(Photo: © European Union / E.Scagnetti)
In his state of the Union speech in September 2011, Commission President José Manuel Barroso called for a renewed European Union. The EU Member States committed themselves to the common 'Europe 2020' framework - an extensive and far-reaching strategy aiming to improve our economic competitiveness and stimulate job creation and growth. Our goal is to increase the impact of our interventions and strengthen Cohesion Policy as the main investment arm of this renewed Union, being the key to achieve the '2020' objectives.
Cohesion Policy is both, the most important and most comprehensive financial instrument of the Union to support investments in the real economy. And Cohesion Policy works: the creation of 1.4 million new jobs in the period 2000-2006 and a significant contribution to the increase in GDP present clear evidence. The current funding period 2007-2013 provides 105 billion Euro, one third of total budget, for investments in sustainable growth (double to the previous period) and 86 billion Euro, a quarter of total budget, for investment in innovation and research & development (triple to the previous period). The European funds set long-term and active growth and employment effects in times of austerity plans and restructuring public finances.
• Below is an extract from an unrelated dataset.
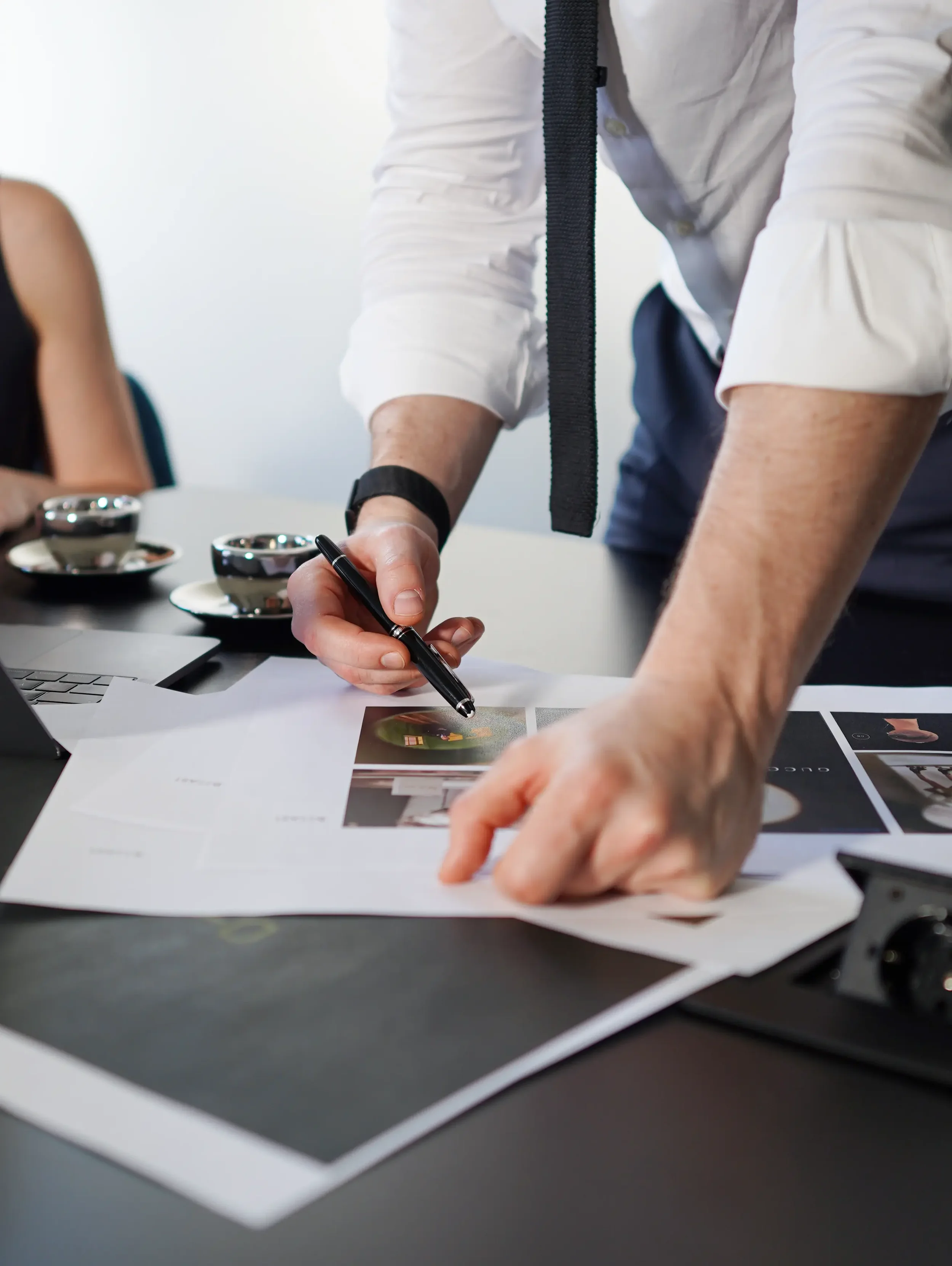 Close-up of man's hands with pen reviewing printed photo selects on dark table, behind the scenes corporate shoot New Moon Agency Klagenfurt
Europe is responding to the current economic crisis, and Cohesion Policy plays a very important role in finding ways to recovery. Our instruments are flexible and have adapted to changing needs and harsher financial conditions. We have adapted and accelerated existing programmes in EU countries that face specific economic difficulties, and launched regional policy initiatives in Italy (Action Plan), Portugal (Support Group) and Greece (Priority Projects). In 2009, 11 billion euro were released to programmes as additional advance payments, and during 2011, 32 billion euro in Cohesion funding were transferred from the EU budget to Member States and regions. Emergency action will be coupled with long-term policy changes, and in particular pro-active measures to stimulate growth and make it possible for businesses to create employment.
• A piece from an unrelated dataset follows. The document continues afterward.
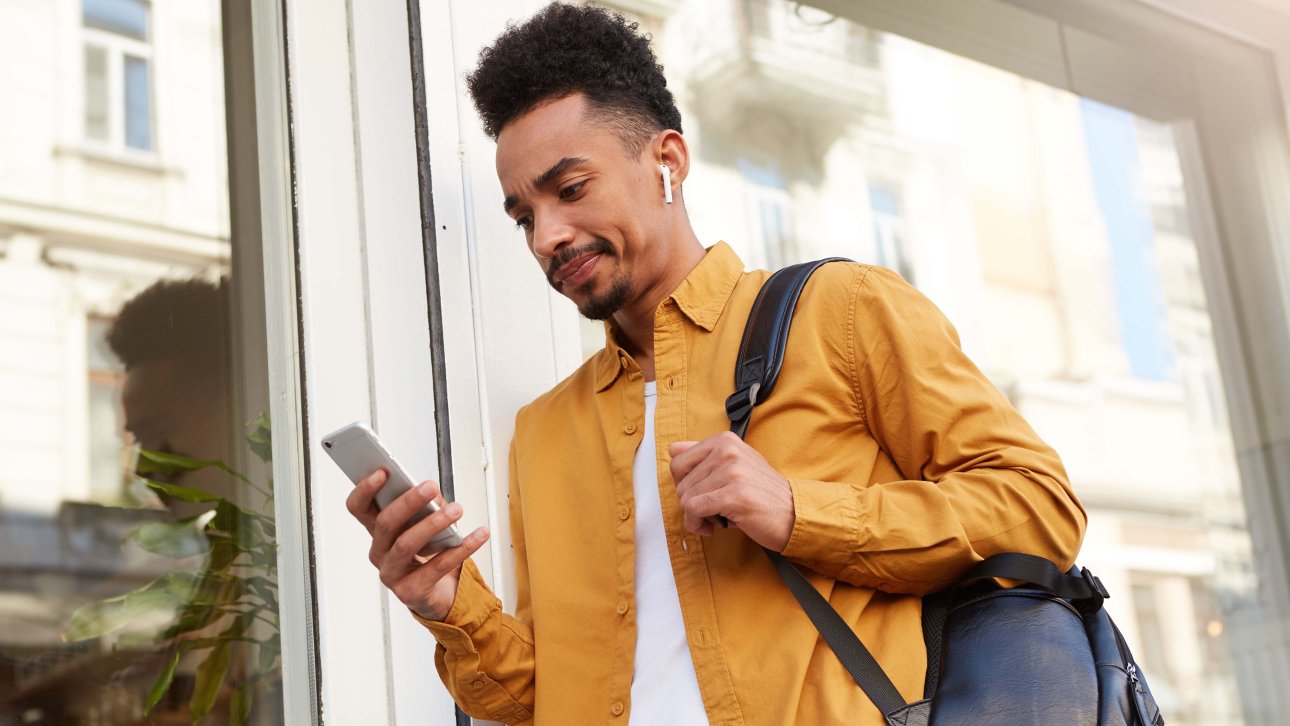 Étudiant regardant son cellulaire d'un air perplexe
As Commissioner for Regional Policy, I am very pleased with the Cohesion Policy proposals for the next funding period 2014-2020. With the aim to strengthen the investment arm of the EU, we propose a new approach for better performance and delivery of cohesion policy. The economic crisis and current budgetary constraints have made it clear that cohesion policy must become even more selective and targeted. We need to focus on results through concentrating on priority themes, and through a system of conditionality and incentives.
We give the necessary responsibilities to the regions and Member States, so they can adapt the programs to their specific needs. Special funding is foreseen in cities, remote areas and for cross-border projects. Better monitoring systems, clear indicators and partnership agreements shall ensure good implementation. We also aim to simplify access to funding by bringing all five funds – cohesion, regional development, social, rural development and maritime and fisheries funds - under the umbrella of a single regulation; by extending the use of simplified costs, by laying down common eligibility rules; by introducing the notion of annual rolling closure; and by generally reducing the bureaucratic burden on applicants. Future programmes can be multi-funded and are therefore truly integrated; at the same time we also proposed clearer rules for the use of financial engineering instruments.
The debate about Cohesion Policy is at its peak in the Council and very soon in the European Parliament – we are at the heart of discussions which will have a great impact on our well-being in Europe. Cohesion Policy provides a secure and stable context for public investment in harsh times. If we recognise that Cohesion Policy is one of the keys that can unlock our economic transformation, we must strive to make every effort to increase its effectiveness now.